I continued with my travel-tourism. I went for a gentle stroll to explore the old town and came across a café.  I did not bother to check the name; but it served me one of the best cups of coffee I have ever had.  I wondered what Tripadvisor would call it, but since the caffeine in the cup hit me in the right spot at the right moment it got five stars in my assessment sheet.

 

“Are you from Kentucky?”  I looked up.
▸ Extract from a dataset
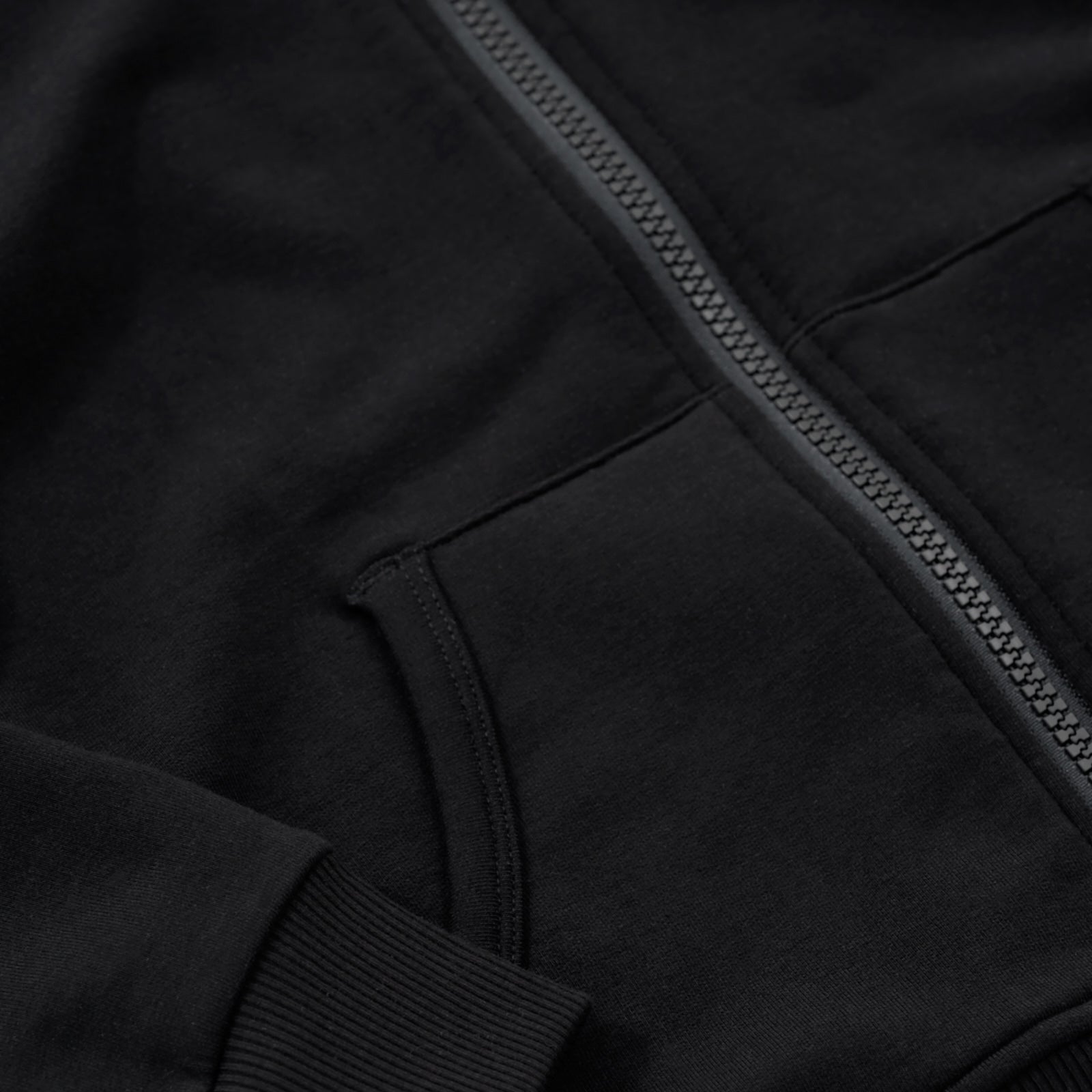 Black Zip Hoodie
A tall, white man was pointing at the T-shirt I was wearing.  “Kind of” I responded, “and you?”  “Well, I have been living here for the past 8 years since I moved from Kentucky.”  He was clearly yearning to talk to someone from the homeland and even an obvious immigrant living in Kentucky was fine by him.  We chatted for a while and he told me about the city and why he likes it.  I was curious to know if the immigrants to this country feel the same as immigrants felt in America.  “I can’t compare since this is the only foreign place I have been to.  But if you wish, come along with me to this potluck at my bingo club this evening.  You will meet the natives and the expats who come there, see for yourself”.  He offered.

 

I hesitated: “Well, I don’t know anyone and I don’t have anything to bring to the potluck.” Although I had crossed my fingers below the table, hoping to be able to be a spectator to some activity that was part of the day to day life of people in this city.  “Just pick up some Cusquena beer and you will be welcome anywhere in Peru.  I will probably know only half the crowd out there myself,” the tall American replied.  I did not need further convincing.  I showed up at the bingo club with a 12 pack of Cusquena.  I mingled with the crowd and enjoyed the home- made Peruvian food that people had brought to the party.  I heard them quibble over how someone they knew makes Potato Salad more salty since they are from Callao region but in Arequipa they would make it with egg yolk.   People opened up as the party went on and then started the music.  I saw no folk dance but only average folks dancing to modern Peruvian music and experienced firsthand the South American fascination with “Culo”.  After the dance, a few of us were chatting and they were fascinated that they had a tourist among them.  I asked them about Machu Picchu, and not unexpectedly half the Peruvians had never been there.  However, one of them said, “my cousin takes his fruit truck to Ollantaytambo every morning, why don’t you go with him and then you can take a bus from there to  Aguas Calientes and you should spent some time in Ollantaytambo”.

 

peru2At 6 am the next morning I was exchanging another 12 Cusquenas (seemed like the currency out here) for a ride on the fruit truck and an interesting conversation about the work and life of a middle aged Peruvian.  He told me about his life, aspirations, Peruvian politics in exchange for hearing about my life in the US, which he insisted on calling the dream life.  Of course, the language was a barrier, but between my broken Spanish, his flailing attempts at English, some hand gestures and a basic understanding of common human goals, desires and fascinations, and most importantly some Cusquena beers, we managed to get the point across.

 

 Ollantaytambo was an ancient capital located on the Pachakancha river and was the ceremonial center during the Inca rule; hence, the numerous Inca ruins located in this area.  The temple hill, terraces, store houses, the quarries of the Inca time seemed like a great prelude to Machu Picchu.  I was not surprised to discover that this was the starting point of the Inca trail, which takes one hiking to Machu Picchu.  After spending a couple of days out there, I took a local bus to Aguas Calientes.

 

I roamed this small town in the evening, practicing my Spanish, offending some, amusing others while immersing myself in this experience.  As advised by several, I took an early morning bus that dropped me at the trailhead to Huayna Picchu, a small peak overlooking the Machu Picchu from a thousand feet above.  It was a foggy morning and I could not see much of Machu Picchu from there.  The view around was pretty.   I could see why the Incas wanted to hike up this peak while living in Machu Picchu.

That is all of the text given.